Here’s one way to structure that transition:
1. Before Day One: Strategic Pre-Engagement Due Diligence
Before stepping into the role, it’s helpful to understand three essential dimensions:
- Contextual Landscape – industry trends, key players, and regulatory environment.
- Organizational DNA – mission, structure, values, and governance culture.
- Project Portfolio Archetype – is the work primarily operational, transformational, or innovative?
This early effort enables sharper questioning, better risk anticipation, and avoids naïve assumptions.
2. From Day One: Immersion with Purpose
During onboarding, the focus shifts to active listening, stakeholder mapping, observing informal dynamics, and decoding how things really work.

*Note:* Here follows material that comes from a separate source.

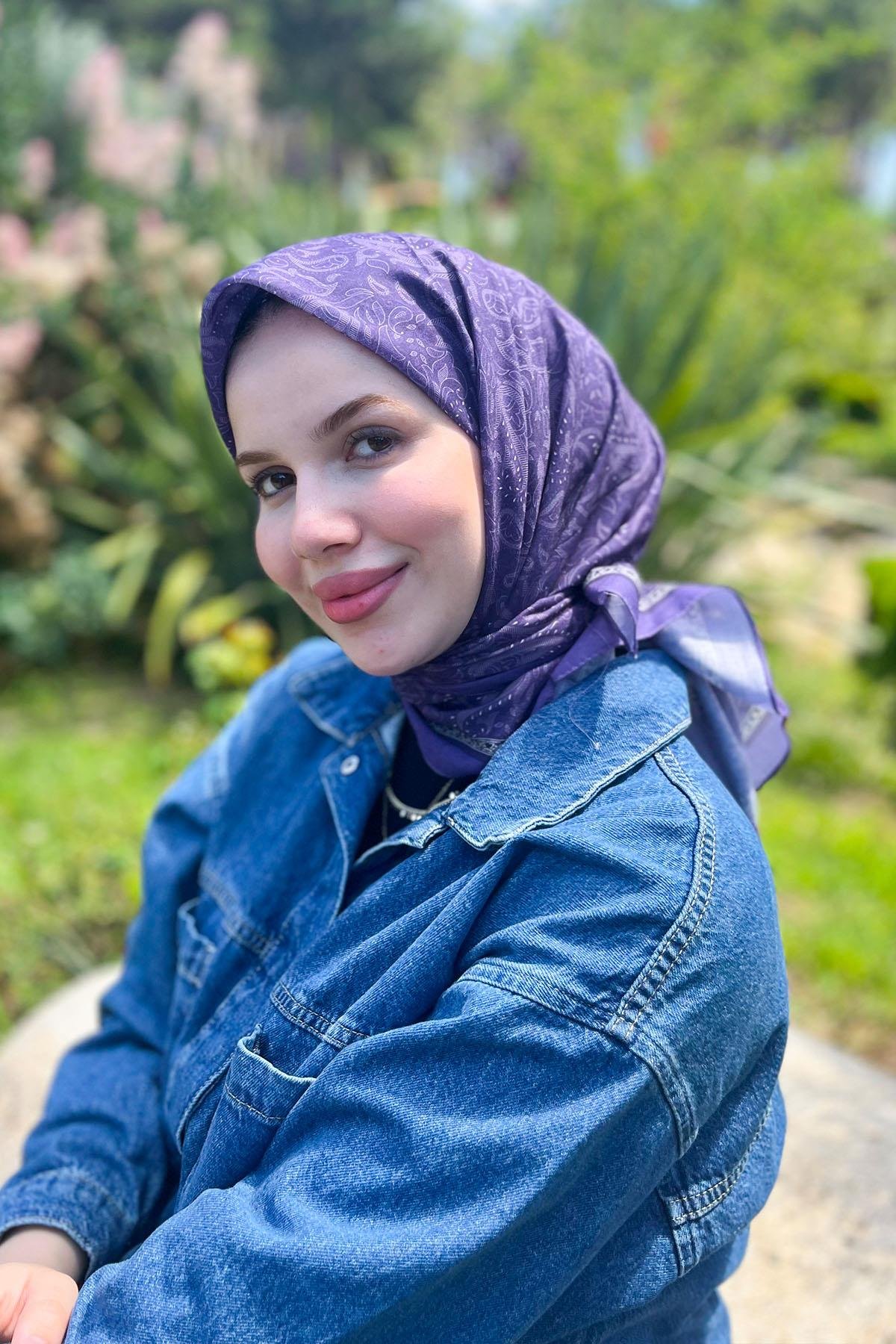 Sultan Fresh Pamuk Eşarp - Mono Şal Deseni - SFE010-05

Onboarding becomes most effective when approached as a process of connecting dots and interpreting nuance — not just absorbing information.
3. What Works Best?
The sweet spot lies in combining a learning mindset with a diagnostic lens.
Tools like the Cynefin framework help assess project complexity and guide leadership calibration.
A lightweight “transition map” can also be useful — capturing key learnings, relationships, and early opportunities to contribute without overstepping.
Final thought: limited familiarity can be a strategic asset.
It opens space to ask foundational questions that others, out of habit, may no longer ask — and often, that’s where meaningful change begins.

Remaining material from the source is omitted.